Earlier this year Estonia teamed up with its neighbor Finland to buy used howitzers from South Korea. It’s not a massive deal: the Estonians are buying 12 howitzers; the Finns, 48. But it illustrates a new development in Europe: second-hand weaponry is becoming scarce.
And that’s a good thing, both because the increased demand shows that Europeans are increasingly taking defense more seriously, and because it is likely to serve as a spur to more innovation.
“25 years ago we had nothing—no weapons, no military infrastructure—so we bought a lot of things government-to-government,” says Kusti Salm, Estonia’s chief defense procurement officer, using the official term for second-hand defense equipment. “Some of the equipment was extremely cheap because it was reaching the end of its life-cycle. And some things, like vehicles and personal equipment and arms, were even donated to us.

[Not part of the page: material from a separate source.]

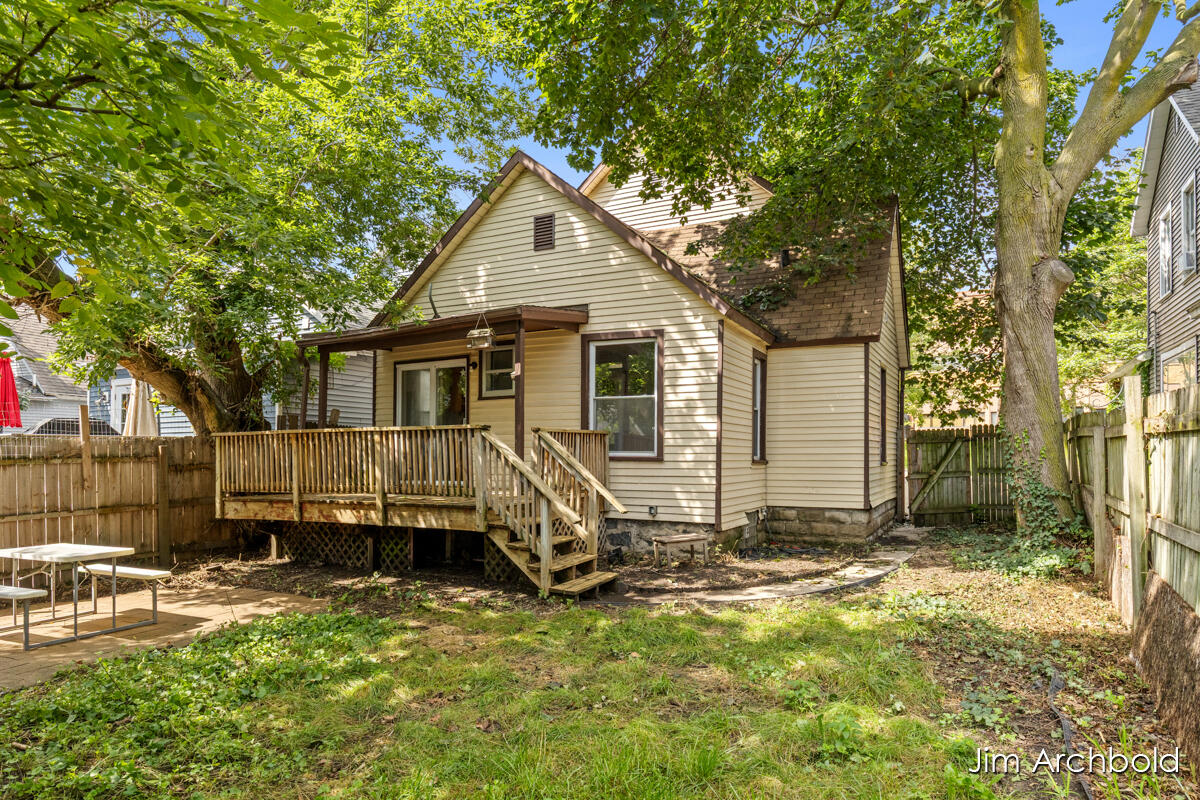 23rd image of 816 Jennette Ave, Grand Rapids, MI 49504 | MLS# 70553537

The nineties were like Christmas for countries in Central and Eastern Europe.”
The equipment was sold or donated by Western European countries including Germany, Sweden and the Netherlands who no longer deemed it necessary as Europe entered a post-history era. Ex-Warsaw Pact countries such as Estonia, Latvia, Lithuania, Poland, the Czech Republic, Slovakia, Romania, Bulgaria, who needed to move their armed forces away from Soviet equipment, eagerly bought the materiel. Indeed, buying used equipment from the West is usually the first step for any country trying to rise to Western armed forces quality. “Government-to-government sales are popular because they usually form part of much deeper defense arrangements that allow for greater interoperability and/or technology transfer partnerships,” said Daniel Fiott, Security and Defence Editor at the EUISS (the European Union Institute for Security Studies).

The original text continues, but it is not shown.